First of all, let's look at the Standards for Mathematical Practice in the Common Core Standards for Mathematics...  There are 8 overall standards:
  1. Make sense of problems and persevere in solving them
  2. Reason abstractly and quantitatively
  3. Construct viable arguments and critique the reasoning of others
  4. Model with mathematics
  5. Use appropriate tools strategically
  6. Attend to precision
  7. Look for and make use of structure
  8. Look for and express regularity in repeated reasoning

These standards are what administrators/teachers WANT children to do.  This, I suppose, is the GOAL of the education.  So, let's look at the specific goals for Kindergarten math...
In Kindergarten, instructional time should focus on two critical areas: (1) representing, relating and operating on whole numbers, initially with sets of objects; (2) describing shapes and space.  More learning time in Kindergarten should be devoted to number than to other topics.
 Ok, fine.  So they want kids to know what numbers are, what written numbers look like, how to relate small numbers (0-10) to objects to written numbers (the number "5" to 5 eggs, etc.), and they want kids to get a handle on general geometric shapes (triangles, squares, etc.) and relate them to real-life objects.  Sounds fine.  The rest of the standards are separated into sections:
  • Counting and cardinality
    • Know number names and the count sequence (up to 100)
    • Count to tell the number of objects
    • Compare numbers
  • Operations and algebraic thinking
    • Understand addition as putting together and adding to, and understand subtraction as taking apart and taking from
  • Number and operations in base ten
    • Work with numbers 11-19 to gain foundations for place value
  • Measurement and data
    • Describe and compare measurable attributes
    • Classify objects and count the number of objects in each category
  • Geometry
    • Identify and describe shapes (squares, circles, triangles, rectangles, hexagons, cubes, cones, cylinders, and spheres)
    • Analyze, compare, create and compose shapes
 There are grade-level overviews for every grade, K-5.  I have read through K-3 in detail, and they're all pretty much the same, building on what the children should have learned the previous year.  I think the separate sections of the standards (counting, operations, etc.) are pretty straightforward and reasonable.  Sure, Kindergartners should be learning place value in the teens.  Yes they should be identifying geometrical shapes and drawing triangles and squares.  What I don't clearly understand is how the specifics relate to the 8 overall standards mentioned above. 

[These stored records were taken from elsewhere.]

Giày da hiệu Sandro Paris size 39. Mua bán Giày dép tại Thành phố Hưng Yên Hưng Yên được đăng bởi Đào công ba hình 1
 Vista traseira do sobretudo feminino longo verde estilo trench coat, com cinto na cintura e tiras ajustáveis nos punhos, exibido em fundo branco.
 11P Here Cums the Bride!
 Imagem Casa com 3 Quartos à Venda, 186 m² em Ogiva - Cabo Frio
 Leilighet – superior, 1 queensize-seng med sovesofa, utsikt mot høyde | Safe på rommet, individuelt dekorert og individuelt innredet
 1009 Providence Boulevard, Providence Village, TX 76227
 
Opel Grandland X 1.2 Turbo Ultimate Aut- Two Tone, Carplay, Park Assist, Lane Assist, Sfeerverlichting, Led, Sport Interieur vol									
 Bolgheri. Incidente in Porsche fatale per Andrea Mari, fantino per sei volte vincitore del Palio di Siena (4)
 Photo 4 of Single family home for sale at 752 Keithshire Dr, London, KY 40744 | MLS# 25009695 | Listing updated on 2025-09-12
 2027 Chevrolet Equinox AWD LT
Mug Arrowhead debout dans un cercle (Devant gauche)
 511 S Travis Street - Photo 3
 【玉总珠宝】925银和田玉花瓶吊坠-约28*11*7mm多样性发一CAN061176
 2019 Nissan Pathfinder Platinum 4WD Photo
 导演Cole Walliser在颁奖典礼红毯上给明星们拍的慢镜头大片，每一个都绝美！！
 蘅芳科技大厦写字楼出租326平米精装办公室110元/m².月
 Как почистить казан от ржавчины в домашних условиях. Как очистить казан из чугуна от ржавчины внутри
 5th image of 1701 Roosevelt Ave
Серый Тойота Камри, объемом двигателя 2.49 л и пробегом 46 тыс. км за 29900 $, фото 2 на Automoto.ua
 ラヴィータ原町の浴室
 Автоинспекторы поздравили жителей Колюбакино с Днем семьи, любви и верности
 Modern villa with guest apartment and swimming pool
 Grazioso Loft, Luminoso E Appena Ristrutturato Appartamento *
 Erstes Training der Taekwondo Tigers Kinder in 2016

Let's take the first standard as an example.  "Make sense of problems and persevere in solving them."  The text goes on to say
Mathematically proficient students start by explaining to themselves the meaning of a problem and looking for entry points to its solution.  They analyze givens, constraints, relationships, and goals.  They make conjectures about the form and meaning of the solution and plan a solution pathway rather than simply jumping into a solution attempt.
 So, is the goal to teach this kind of thing to younger children, in elementary school?  I definitely don't remember analyzing math problems in such a way until high school.  Further...
They consider analogous problems, and try special cases and simpler forms of the original problem in order to gain insight into its solution.  They monitor and evaluate their progress and change course if necessary.  Older students might, depending on the context of the problem, transform algebraic expressions or change the viewing window on their graphing calculator to get the information they need.  
I can't think of anyone that I know who approaches math this way.  Definitely not in high school or earlier.  Sure, monitoring your progress and changing course if necessary is a hugely helpful skill, but most people I knew in my calculus classes in college didn't have it.  As a goal, it is lofty.
Mathematically proficient students can explain correspondences between equations, verbal descriptions, tables, and graphs or draw diagrams of important features and relationships, graph data, and search for regularity or trends.  Younger students might rely on using concrete objects or pictures to help conceptualize and solve a problem.  Mathematically proficient students check their answers to problems using a different method, and they continually ask themselves, "Does this make sense?"  They can understand the approaches of others to solving complex problems and identify correspondences between different approaches.
I don't know if, especially in more complex math, students do check their answers using a different method.   Again, all of these points are lofty goals.  The major problem with these standards as they are written is that they really don't offer any advice in reaching these goals.  They lay out the goals, and then say some things children should be learning in specific grades that are really basic, such as Kindergartners should be counting to 100. 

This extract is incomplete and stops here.